French composer and synthesist Éliane Radigue has demised at the age of 94.
Radigue was best known as a pioneer of drone music and a proponent of the ARP 2500 modular synthesizer. But her career stretched from the early days of musique concrète to modular music in ’70s, to her more recent collaborative acoustic compositions.
Éliane Radigue (January 24, 1932 – February 23, 2026) studied with Pierre Schaeffer and Pierre Henry, pioneers of musique concrète, in the mid 1950s. Schaeffer and Henry focused on the practice of using audio tape to treat sound as something you could physically work with to create music.
While Radigue quickly moved on from the tradition of musique concrète, an appreciation that any sound could be music remained with her throughout her career.
In the early ’70s, Radigue was inspired by the generation of American composers that were treating electronics and synthesizers as a new palette for making music, including Terry Riley, Laurie Spiegel and Morton Subotnick. She soon found the ARP 2500, and it became her instrument of focus for the next 25 years. She named it ‘Jules’.

Radigue’s electronic music explores slowly evolving soundscapes, and – while it comes from a different tradition – doesn’t sound that far off from the ambient electronic music that began to emerge in the ’70s.
Here’s Radigue’s Trilogie de la Mort, which premiered in 1988. It features sounds of the ARP 2500:
The meditative drones of the piece evolve, almost imperceptibly, shifting you gradually from one soundscape to another. At times, you hear pairs of oscillators, vibrating against each other. At other times, you hear soothing harmonies and shifting harmonics. Next, you may find yourself immersed in filtered noise.
One of her late electronic works, L’Île re-sonante, combines sounds of the ARP 2500 and Serge modular synthesizers with looped audio.
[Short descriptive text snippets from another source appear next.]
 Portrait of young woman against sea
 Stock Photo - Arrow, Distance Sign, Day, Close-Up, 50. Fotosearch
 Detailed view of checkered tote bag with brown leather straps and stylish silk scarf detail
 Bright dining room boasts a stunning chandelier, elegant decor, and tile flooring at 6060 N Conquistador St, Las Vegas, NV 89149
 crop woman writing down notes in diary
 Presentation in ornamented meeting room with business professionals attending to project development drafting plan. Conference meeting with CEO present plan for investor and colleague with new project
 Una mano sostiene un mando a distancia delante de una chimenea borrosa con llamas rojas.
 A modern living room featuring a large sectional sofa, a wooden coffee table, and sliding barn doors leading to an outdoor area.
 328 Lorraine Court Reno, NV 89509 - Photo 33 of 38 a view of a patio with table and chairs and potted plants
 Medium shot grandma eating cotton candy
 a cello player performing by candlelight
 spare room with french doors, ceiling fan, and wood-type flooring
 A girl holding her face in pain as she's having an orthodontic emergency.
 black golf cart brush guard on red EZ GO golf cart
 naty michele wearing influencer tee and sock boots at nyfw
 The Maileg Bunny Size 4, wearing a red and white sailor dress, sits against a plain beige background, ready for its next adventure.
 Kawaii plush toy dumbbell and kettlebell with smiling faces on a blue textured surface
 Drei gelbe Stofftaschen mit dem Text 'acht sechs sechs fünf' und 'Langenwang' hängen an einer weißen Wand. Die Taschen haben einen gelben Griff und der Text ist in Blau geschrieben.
The work is said to be inspired by Radigue seeing her reflection in the still waters of a lake, and gives the effect of haunting vocals emerging from a still drone, and then fading away until they are imperceptible one more.
Starting around 2000, Radigue shifted her focus to acoustic instruments. While her medium changed, the music of her later era still has the same quiet, slowly shifting quality of her electronic works.
Here is Occam XXV, part of a monumental series of collaborations with acoustic musicians. It is performed by organist Frédéric Blondy at Union Chapel, on an organ built in 1877:
Brian Eno‘s definition of ambient music seems to fit these pieces – accommodating many levels of listening attention, without enforcing one over the other.
A video portrait of Éliane Radigue – in French, with subtitles – from 2006. The video captures her at work with her ARP 2500, and offers rare insight into her compositional techniques. She also discusses how she conceives of her work as a ‘musical bath’ for her listeners:
“In an era often seemingly obsessed with velocity and spectacle,” notes composer and sound designer Robin Rimbaud (Scanner), “she taught us the radical power of slowness, of patience, and attention stretched to the threshold of perception.”